In antitesi a questa armoniosa scena iniziale, nei presenti versetti è descritto l’allontanamento della prima coppia umana dal giardino e il lettore apprende con amarezza che non ci sarà più un accesso all’albero della vita, perché ci sono angeli armati a sbarrarne la strada. Sembra che Yhwh Elohim abbia consumato la sua vendetta sull’uomo e la sua donna, ma la scena immediatamente precedente in cui Yhwh Elohim veste le creature umane smentisce una simile lettura (cf. 3,21). In alternativa si potrebbe ipotizzare che le due scene mettono in gioco i due più noti attributi divini: la misericordia (v. 21) e la giustizia (v. 22). C’è solamente questa lettura del testo?

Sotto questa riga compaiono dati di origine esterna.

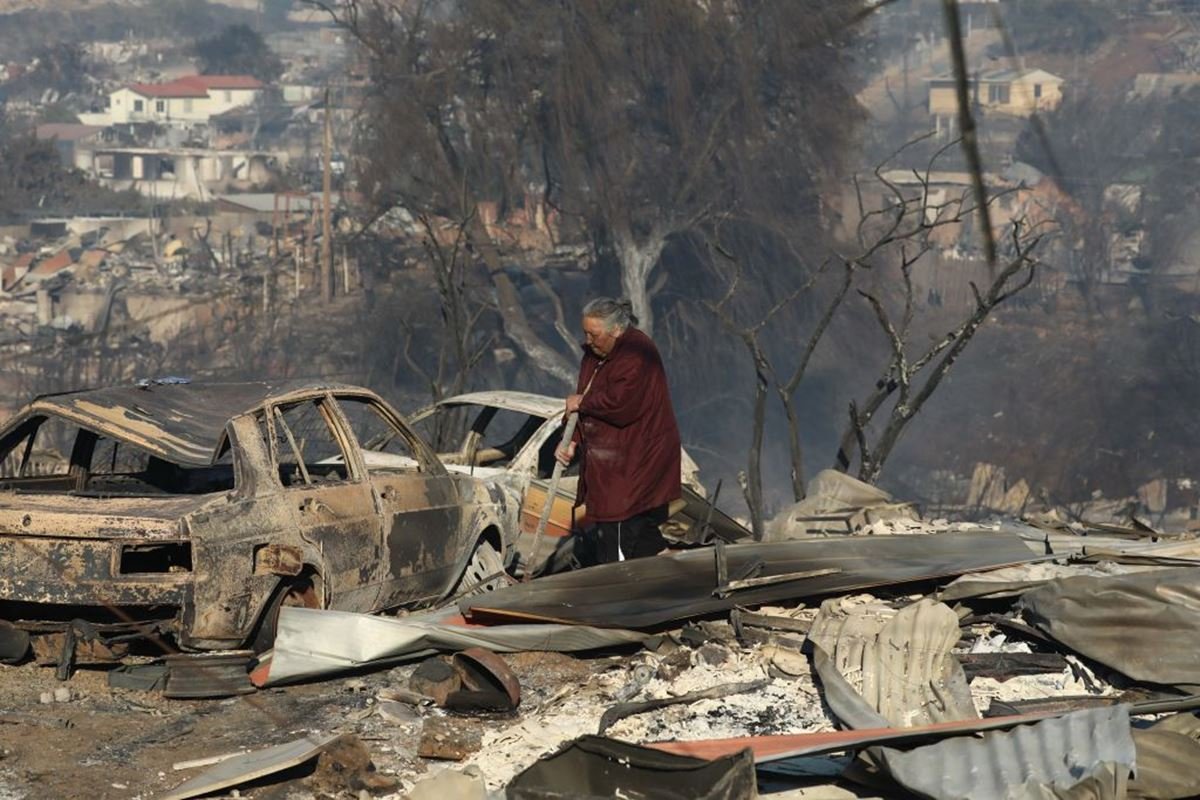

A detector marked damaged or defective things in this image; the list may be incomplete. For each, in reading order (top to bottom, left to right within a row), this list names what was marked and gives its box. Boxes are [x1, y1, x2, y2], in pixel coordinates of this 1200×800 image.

burned car [0, 382, 516, 656]
destroyed vehicle [0, 382, 520, 656]
destroyed vehicle [412, 390, 752, 572]
burned car [412, 390, 752, 572]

L’ultimo discorso di Yhwh Elohim resta in sospeso

E il Signore Dio disse: «Ecco, l’uomo è diventato (o era?) come uno di noi quanto alla conoscenza del bene e del male. Che ora egli non stenda la mano e non prenda anche dell’albero della vita, ne mangi e viva per sempre …».

Ad una lettura superficiale il parlare divino presta il fianco alla critica del serpente che aveva dipinto Dio come un essere geloso delle sue prerogative divine (cfr. Post dedicato), le quali ora, dopo la disobbedienza dell’uomo e della donna, vuole togliere all’essere umano cacciandolo dal giardino. Il discorso divino suona beffardo nei confronti della creatura umana: «l’uomo ha provato ad essere dio ma io, Dio, l’ho fregato».

In effetti il verbo «è diventato» traduce la forma qatal del verbo hāyâ, che può però essere resa in italiano anche in un altro modo: come il semplice verbo essere. Ecco il testo con questa piccola modifica:

Ecco, l’uomo era come uno di noi quanto alla conoscenza del bene e del male…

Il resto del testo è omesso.